If you can give me an ICAO address + a timestamp for a flight you think should have been tracked, I can take a look at what we heard.

DF18 is the “non-transponder” message type, i.e. “there is no full Mode S transponder here, don’t interrogate me”. While TIS-B/ADS-R is indeed DF18, it’s not the only DF18 traffic and the message formats do distinguish TIS-B from directly-transmitted messages. I would expect a correctly-formed message from a SkyEcho to turn up as ADS-B, not TIS-B, in SkyAware.

(outside the US – i.e. where there’s no TIS-B / ADS-R – most DF18 traffic will be ground vehicles, balloons, and things like the SkyEcho. Maybe the occasional fixed obstacle, though I think those more commonly turn up on DF17 for some reason)

Thanks obj for confirming that.

Being in the US, I have only received the SkyEcho devices through the PlanePlotter network received in the UK. Those were classified as the rather generic DF18 group on that network. When they first appeared we were lucky enough to have a hot air balloon instructor pilot that owned one and did some testing for us. Interesting devices.


No, these units are independent of the aircraft. They are completely standalone and work out of the box. There’s no external connectors or antenna other than a USB-C charging cable.
Installation involves me putting the transceiver in my pocket. In reality I have it mounted on the aircraft cowling.
And it’s more likely that we’re going to be seeing a lot more ads-b traffic in the future like this.
As an example I will be taking this unit with me in another aircraft, a paraglider. It’s only a matter of time before this becomes a trend, normal behaviour or expected or regulated.

In terms of confirming it is working, the expectation is of course that you turn it on and it works. It only has one button, power on. So once it is configured, it can be left to just report. It does have ads-b in functionality. So apart from the three Green LED’s there is very little indication that it’s operational. If it doesn’t show up on any flight reporting, you might be suspicious it’s not working. I have other ways to confirm the operation, but you can understand why it’s not obvious if the units are working correctly or if at all.

Thanks guys,
It’s a bit of a learning curve for me because I’m coming it on the ground floor for the ads-b protocol and working my way up from layer1.
Some of these thoughts like; assuming both the transmitter and the ground stations are both working, why are flights not being displayed?
Air speed, altitude, configuration settings. I have tested these and got either no answer or no consistent answer. It’s not just my unit, it’s quite a few other units too.
When they have reported the results are inconsistent. In the past some units have worked fine but now don’t report. For weeks we’ve been trying to work out why and then suddenly there are some reports but then none again. One unit has reported on the ground to my flightaware receiver, but then never again. It’s flow in a ga aircraft at +100knts past several FA ground stations and no reporting. My own unit, reported a very accurate ground track past one airport but since has be a bit invisible. It’s never reported via a FA receiver.

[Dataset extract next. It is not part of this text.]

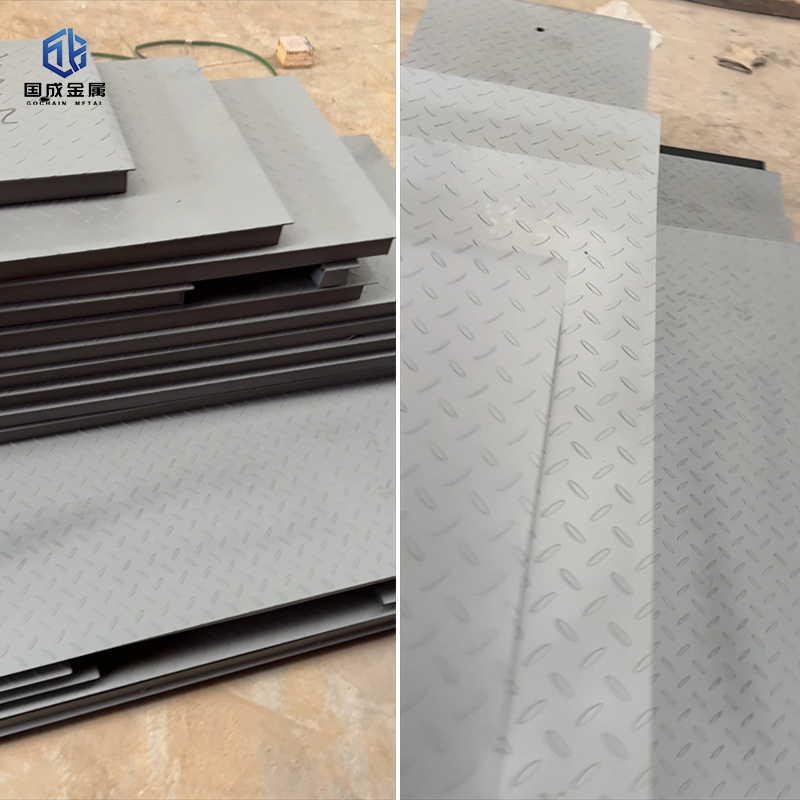 Patterned Diamond Tread Plate for Flooring and Walkways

With such consistent inconsistent results the question had to be asked, How much other traffic is missing? This is something I can test and actually answer.

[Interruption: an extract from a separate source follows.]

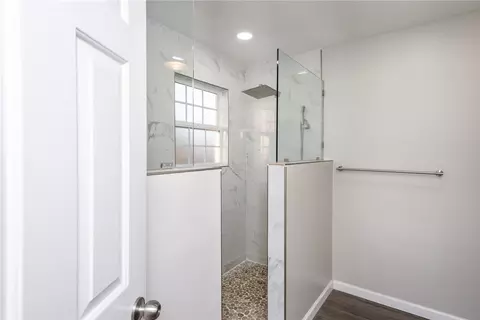 Bath - 100 Stevens Ct, Williamston, SC 29697 photo 6 of 6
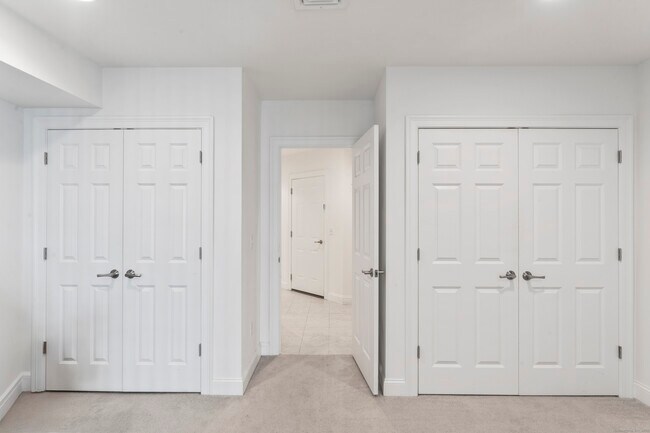 Building Photo - 403 Copper Square Dr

It turns out from the few observations that I have made, a lot of real ads-b traffic is missing.
Using the ads-b in function I watched some air traffic moving from some local airports. Each of these has several FA receivers within range. It appears that it’s not just Skyecho2 units, (I exaggerate) it’s almost everybody that doesn’t burn avtur.
As you might imagine, we don’t really care who’s in class A airspace. We want to see all the little guys in class E and G airspace.

I haven’t worked out how to log into my FA receiver yet. (login/pw) It would be very helpful to be able to look at the raw packets and confirm they are being heard and decoded. I have a weird skillset. A lot of RF and comms experince, but also seeing things for the first time.
(thanks MC130E - just trying to get to the shell command line first before I can poke the box.)

I don’t have any flight times I can remember at the moment.
I can provide the ICAO and of course just take it for another flight and make careful note of the time.